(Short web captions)
-.-.-

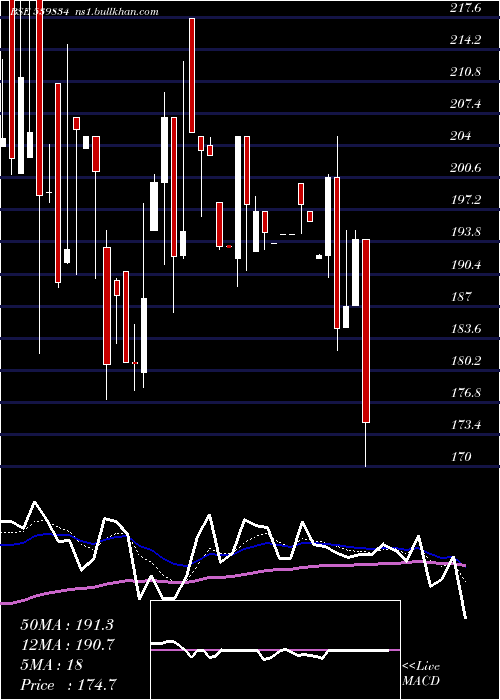  Daily chart Balgopal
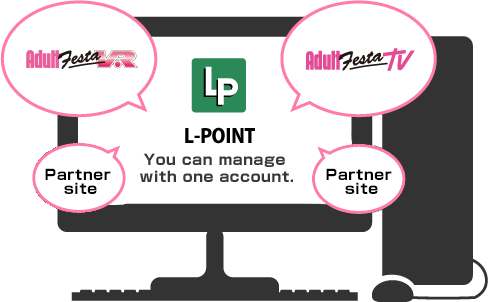 You can manage multiple sites with one LPEG POINT account.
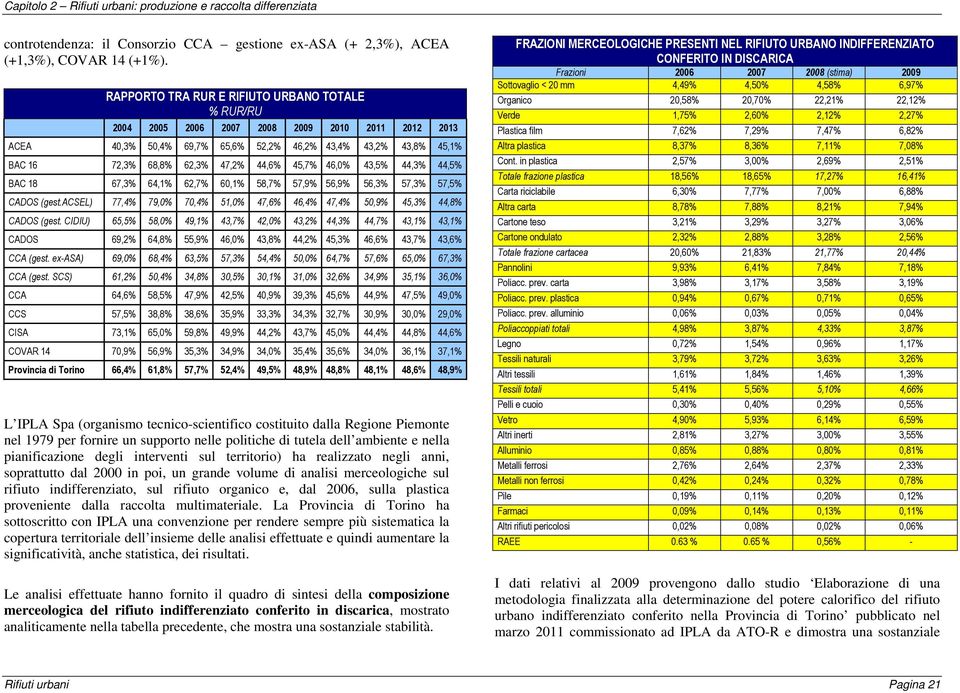 44,6% 45,7% 46,0% 43,5% 44,3% 44,5% BAC 18 67,3% 64,1% 62,7% 60,1% 58,7% 57,9% 56,9% 56,3% 57,3% 57,5% CADOS (gest.acsel) 77,4% 79,0% 70,4% 51,0% 47,6% 46,4% 47,4% 50,9% 45,3% 44,8% CADOS (gest.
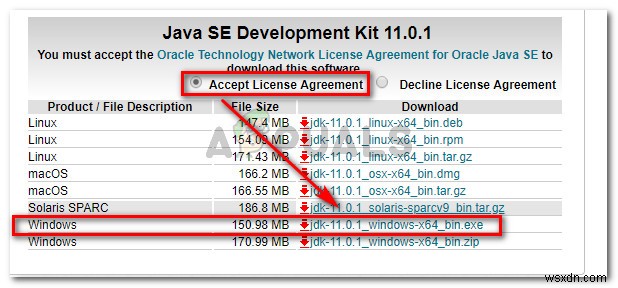 수정:레지스트리가 존재하지 않는 Java Runtime Environment를 참조합니다. 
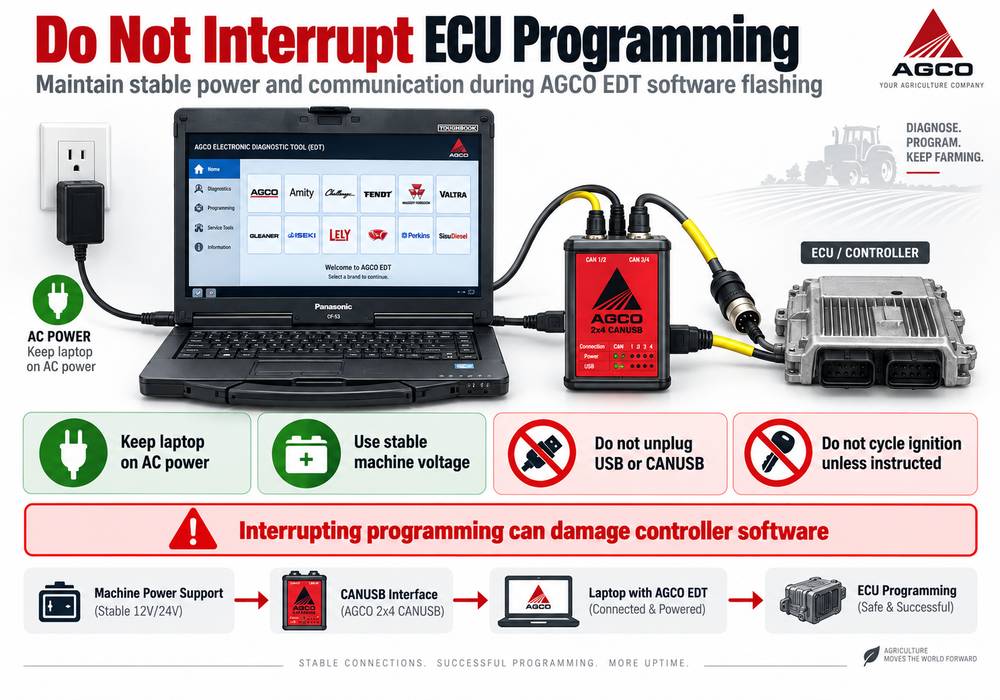 AGCO EDT ECU programming power and connection safety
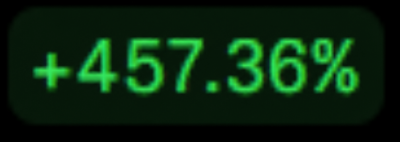 A digital display showing a bright green percentage reading '+457.36%'.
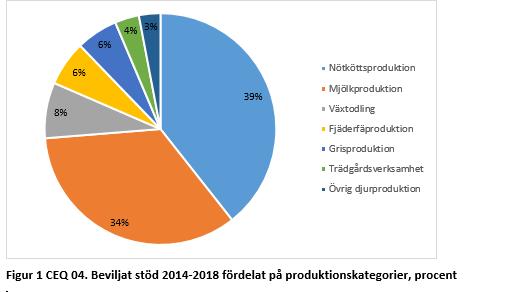 Kompletterande resultatindikator förändring av arbetskraftsproduktivitet (R2) Det finns många osäkerheter i beräkningarna och skattningarna (Karlsson, SJV PM 3.2.17-06573/2019).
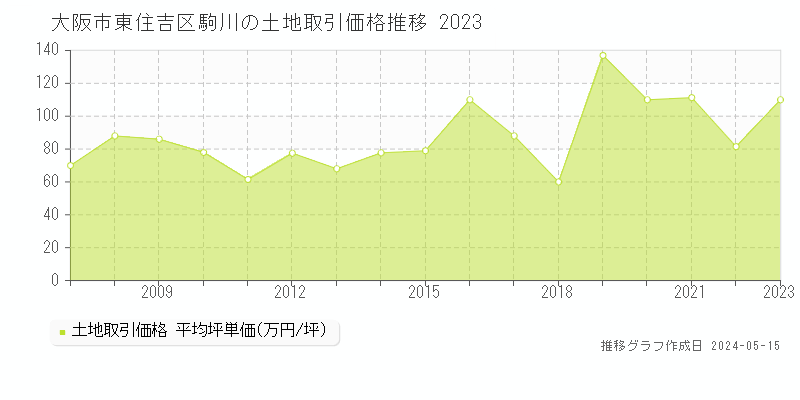 大阪市東住吉区駒川の土地価格推移グラフ 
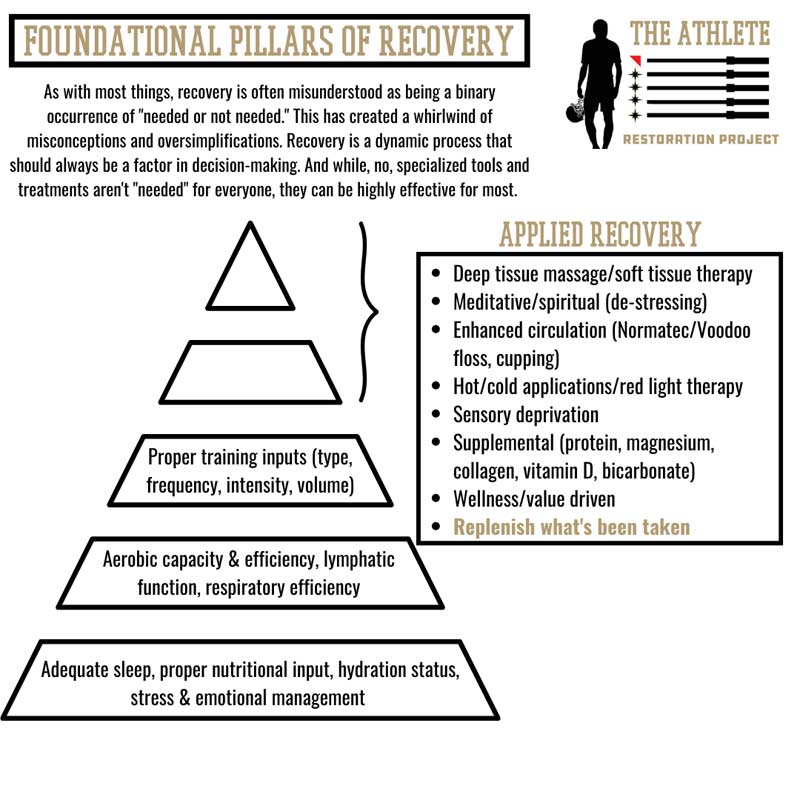 Recovery Pillars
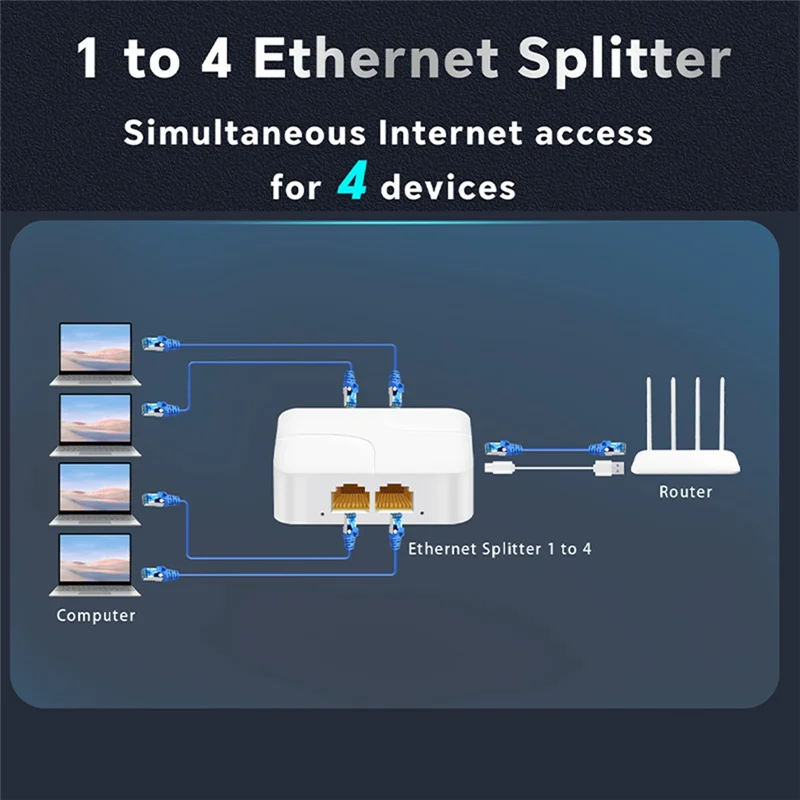 

Universal Network Cable Extension Ethernet Splitter High Speed Usb C Power Gigabit Internet Rj45 Splitter Adapter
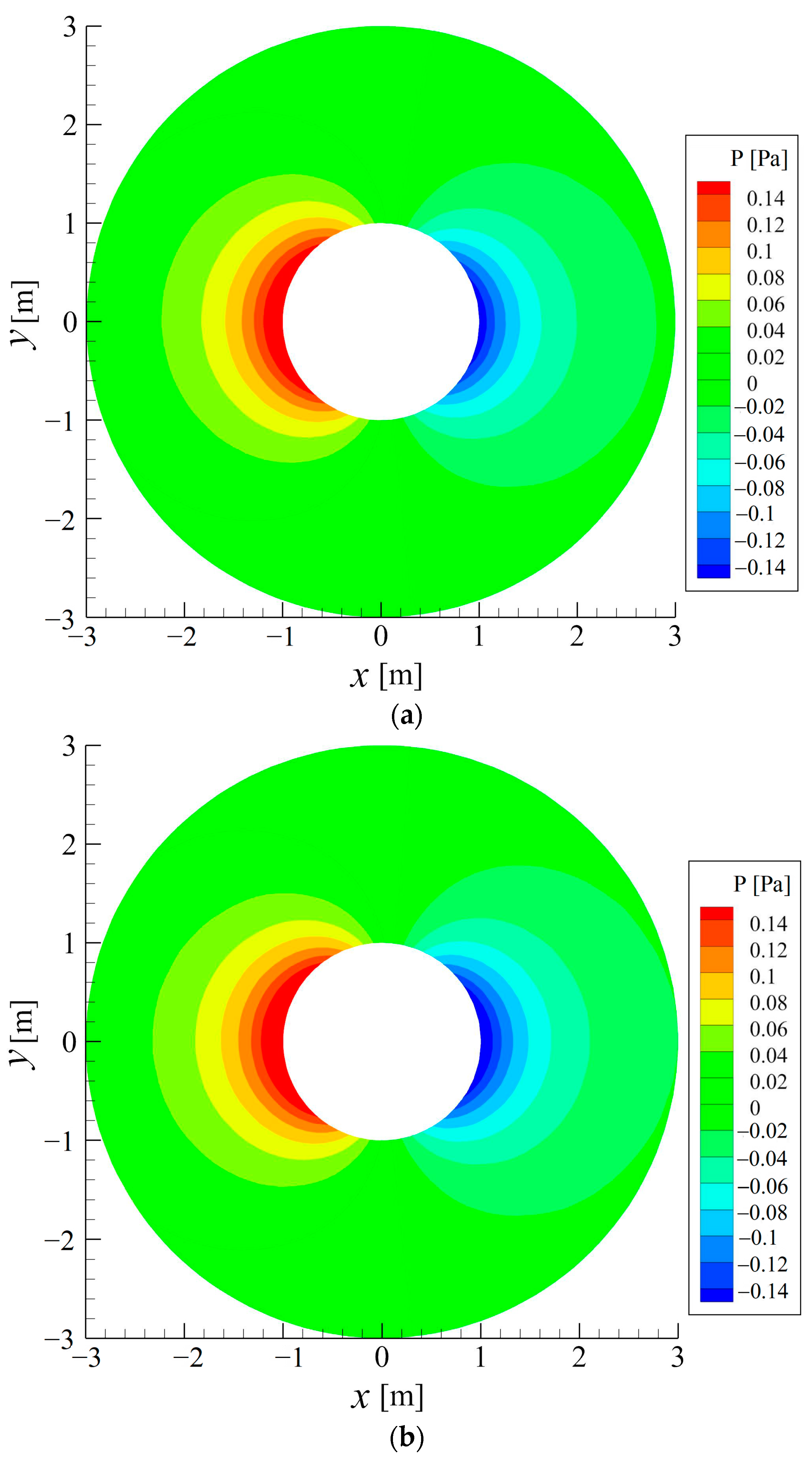 Acoustics 05 00048 g021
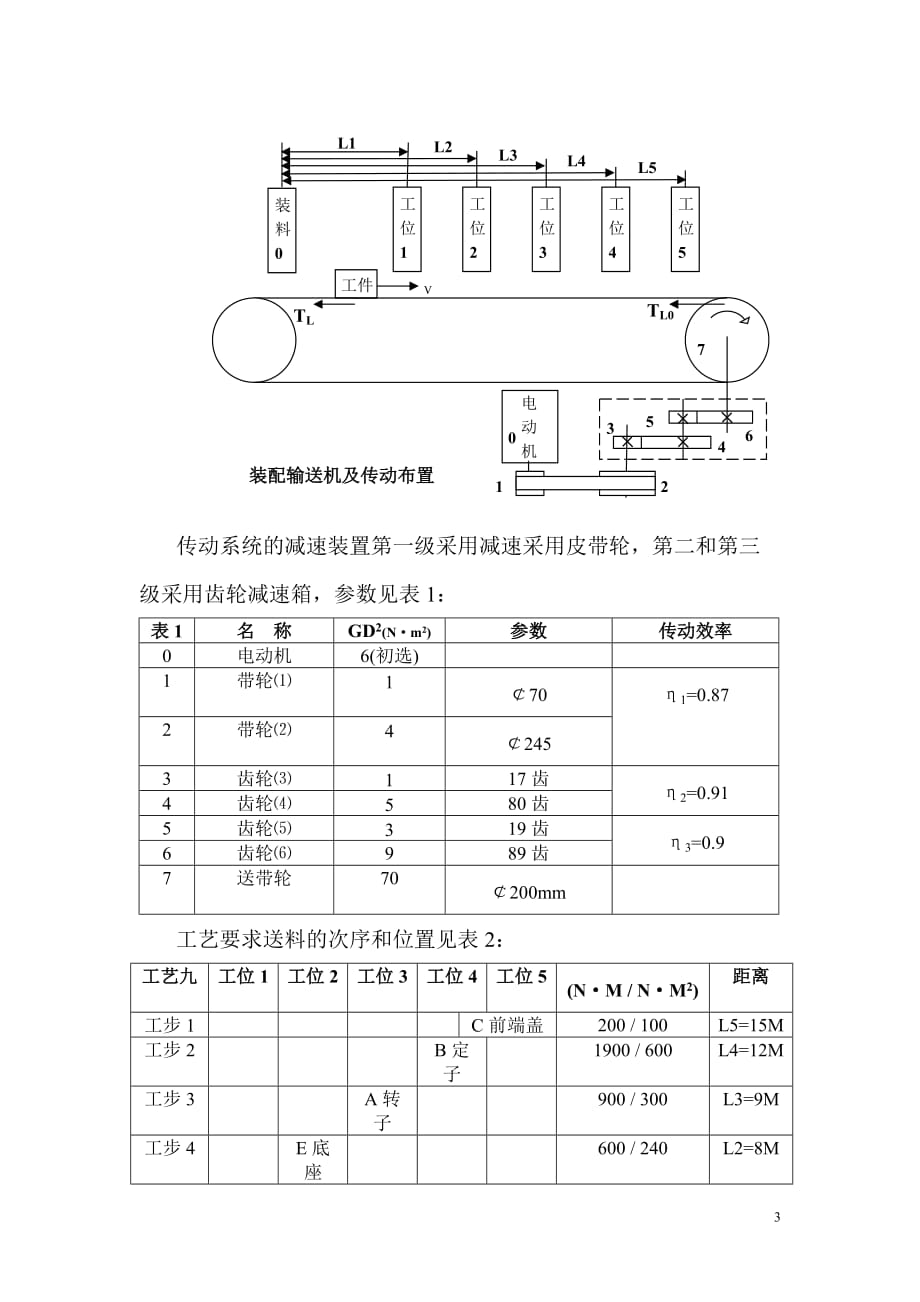 设计任务书b9_第3页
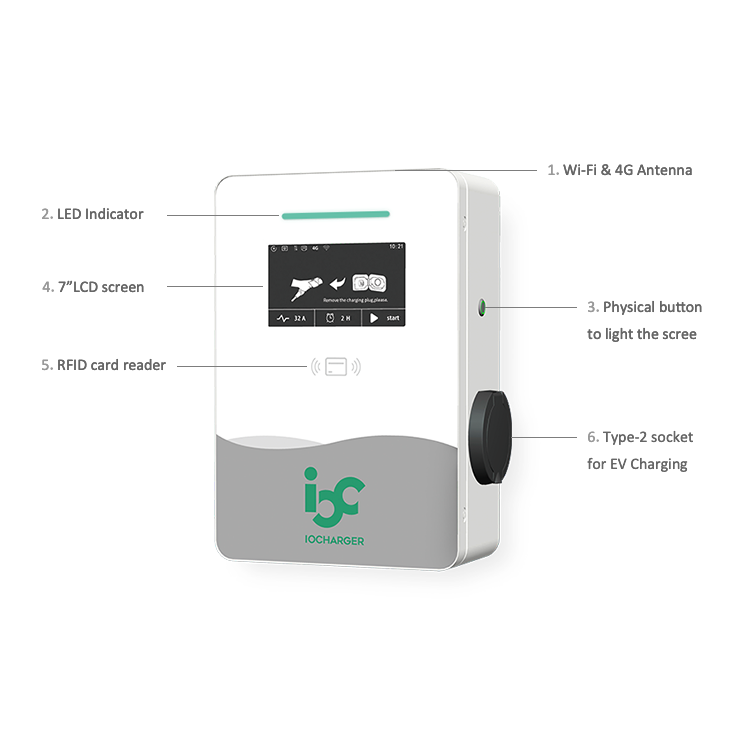 3 фазы OEM портативный EV зарядное устройство с 7-дюймовым ЖК-экраном 16A 32A AC EV зарядное устройство точки для Type1/Type2 электрический автомобиль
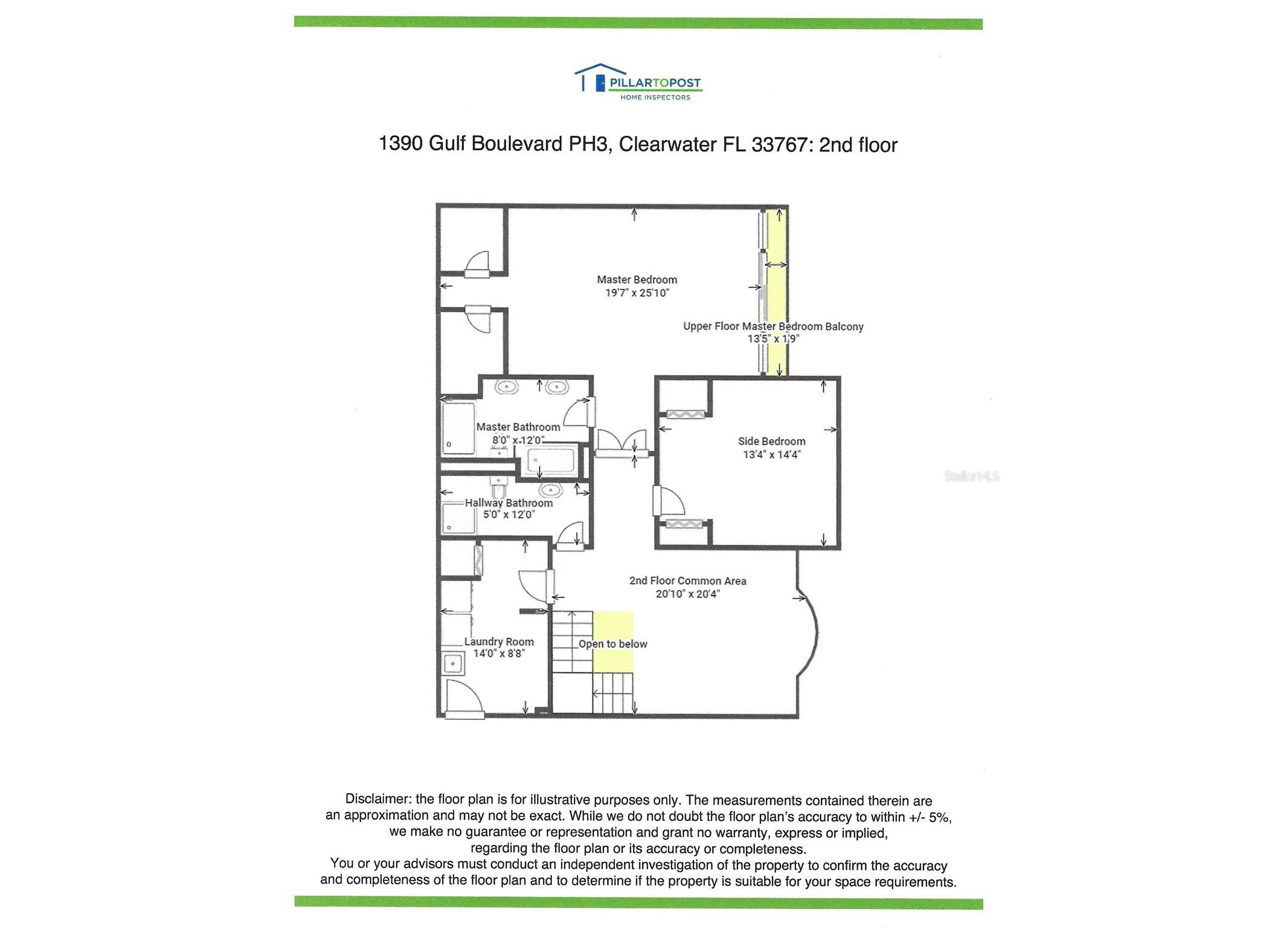 1390 Gulf Boulevard #PH-3 Clearwater Beach FL 33767 - GULF OF MEXICO TB8503851 image31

-.-.-

#### [Exercise description]
Once the line containing "3 фазы OEM портативный" is found, copy it and each line after it through the end of the entries above exactly; nothing else, and no pictures.

#### [Solution to the problem]
 3 фазы OEM портативный EV зарядное устройство с 7-дюймовым ЖК-экраном 16A 32A AC EV зарядное устройство точки для Type1/Type2 электрический автомобиль
 1390 Gulf Boulevard #PH-3 Clearwater Beach FL 33767 - GULF OF MEXICO TB8503851 image31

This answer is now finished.